Гласность не разрушила советского мировоззрения Анны Тимофеевны, какие бы новые пласты она этому мировоззрению ни добавила. Несмотря на всю свою теплоту и умение бойко и складно говорить, она не может рассказать ту историю, которую содержат учебники. “Приходите ко мне снова. Мы можем провести вместе вечер, и я дам вам еще послушать музыку”, – говорит мне она на прощание. Но я так никогда и не узнаю, а она не вспомнит, что она подумала, что она поняла тогда, в детстве, когда увидела, как в их дом ввалились люди, как мать спрятала лицо, а отец потянулся за пиджаком.
Глава 7
Каменные ночи
Варлам Шаламов провел почти двадцать лет в ссылке и в ГУЛАГе. Самый длинный свой срок, с 1937 по 1951 год, он отбывал на Колыме, где находились советские арктические золотые прииски. В его коротких рассказах о Колыме описывается мир, который по-прежнему невозможно даже вообразить. Это далекий, отрезанный от цивилизации край, самое холодное место в Северном полушарии, расположенное за Сибирью, к северу от Японии. Природа Колымы гнетущая, беспросветная, инопланетная: серое на сером, мир вечной мерзлоты, похороненные подо льдом реки, заиндевевшие долины, свинцовое, нависающее над береговой линией небо, туман. Даже когда тает снег или его разметает резкий, пронзительный ветер, большую часть года в этих местах не увидишь ярких красок: возможно, единственные цветные пятна на сером фоне – это немногочисленные скелеты лиственниц, карликовый кедр да чахлые, низкорослые сосны.

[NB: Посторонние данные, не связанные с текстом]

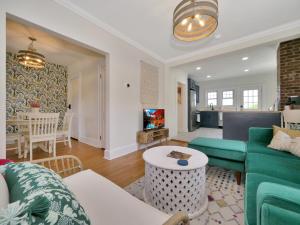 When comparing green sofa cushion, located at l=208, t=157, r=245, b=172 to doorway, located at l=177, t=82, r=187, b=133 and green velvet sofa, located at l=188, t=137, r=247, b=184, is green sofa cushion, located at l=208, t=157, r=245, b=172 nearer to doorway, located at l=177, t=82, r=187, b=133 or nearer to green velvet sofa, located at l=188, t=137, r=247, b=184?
green velvet sofa, located at l=188, t=137, r=247, b=184

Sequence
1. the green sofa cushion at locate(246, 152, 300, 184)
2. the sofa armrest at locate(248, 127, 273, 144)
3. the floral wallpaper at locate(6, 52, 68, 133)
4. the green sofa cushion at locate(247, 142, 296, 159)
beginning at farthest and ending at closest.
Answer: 1. the floral wallpaper at locate(6, 52, 68, 133)
2. the sofa armrest at locate(248, 127, 273, 144)
3. the green sofa cushion at locate(247, 142, 296, 159)
4. the green sofa cushion at locate(246, 152, 300, 184)

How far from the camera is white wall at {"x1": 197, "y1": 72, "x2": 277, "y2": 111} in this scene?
6039 mm

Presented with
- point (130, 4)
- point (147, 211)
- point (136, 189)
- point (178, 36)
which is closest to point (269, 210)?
point (147, 211)

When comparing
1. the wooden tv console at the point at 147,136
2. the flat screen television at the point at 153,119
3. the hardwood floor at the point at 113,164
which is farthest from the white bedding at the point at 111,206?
the flat screen television at the point at 153,119

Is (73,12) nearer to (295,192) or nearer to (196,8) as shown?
(196,8)

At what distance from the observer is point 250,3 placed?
2100mm

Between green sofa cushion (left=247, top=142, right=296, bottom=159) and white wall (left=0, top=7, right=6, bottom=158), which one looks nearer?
white wall (left=0, top=7, right=6, bottom=158)

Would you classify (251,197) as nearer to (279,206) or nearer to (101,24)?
(279,206)

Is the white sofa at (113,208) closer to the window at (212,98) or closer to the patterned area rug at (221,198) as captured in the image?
the patterned area rug at (221,198)

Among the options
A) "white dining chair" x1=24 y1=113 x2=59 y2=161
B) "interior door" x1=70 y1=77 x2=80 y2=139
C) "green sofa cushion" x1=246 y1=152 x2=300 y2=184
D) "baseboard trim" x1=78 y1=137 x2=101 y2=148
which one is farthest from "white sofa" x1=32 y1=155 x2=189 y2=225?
"interior door" x1=70 y1=77 x2=80 y2=139

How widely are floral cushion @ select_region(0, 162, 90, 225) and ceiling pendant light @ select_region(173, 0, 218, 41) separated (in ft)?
6.13

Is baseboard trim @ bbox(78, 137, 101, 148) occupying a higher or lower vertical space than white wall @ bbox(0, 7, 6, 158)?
lower

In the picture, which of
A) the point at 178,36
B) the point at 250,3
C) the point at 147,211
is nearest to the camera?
the point at 147,211

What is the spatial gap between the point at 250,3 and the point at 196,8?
1366 mm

Снег и лед скрывают горную цепь, однако другие границы и ориентиры в этом монохроме не природного происхождения, а дело рук человека: сторожевые вышки, подъемные блоки и металлические тросы над шахтами, безжалостный абрис колючей проволоки. Внутри зоны, как называли свой мир сами заключенные, можно увидеть лачуги и штабеля лесоматериалов, более темный оттенок серого, следы неаккуратных кострищ, электрические лампочки, тусклый огонь самокруток. Но всего этого недостаточно, чтобы расцветить мрак и умерить арктический холод.

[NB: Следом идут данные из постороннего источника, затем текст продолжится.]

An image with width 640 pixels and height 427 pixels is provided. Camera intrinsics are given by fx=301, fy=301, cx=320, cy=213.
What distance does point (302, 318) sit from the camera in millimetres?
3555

Человеку в этих краях легко затеряться. Если вы решите поехать на Колыму сегодня, вы не встретите там большого количества людей. Долины и заброшенные шахты хранят молчание. Ржавеет колючая проволока. Однако сохранились фотографии, которые наглядно свидетельствуют, что этот пейзаж когда-то был заполнен людьми, мужчинами и женщинами, закутанными в лохмотья, грязными и изможденными, чьи неясные силуэты растворялись в тумане. Фотографии обычно делали днем, поэтому чаще всего запечатленные на них фигурки – это заключенные за работой. И не просто за работой, а занятые самым тяжелым трудом, который только можно себе представить. Мужчины, женщины и даже дети копают, рубят и колют камень и лед, ломают и выравнивают каменную кладку полотна для железнодорожных шпал, грузят добытую в шахтах драгоценную пыль: золото, свинец, вольфрам, алмазы и уран.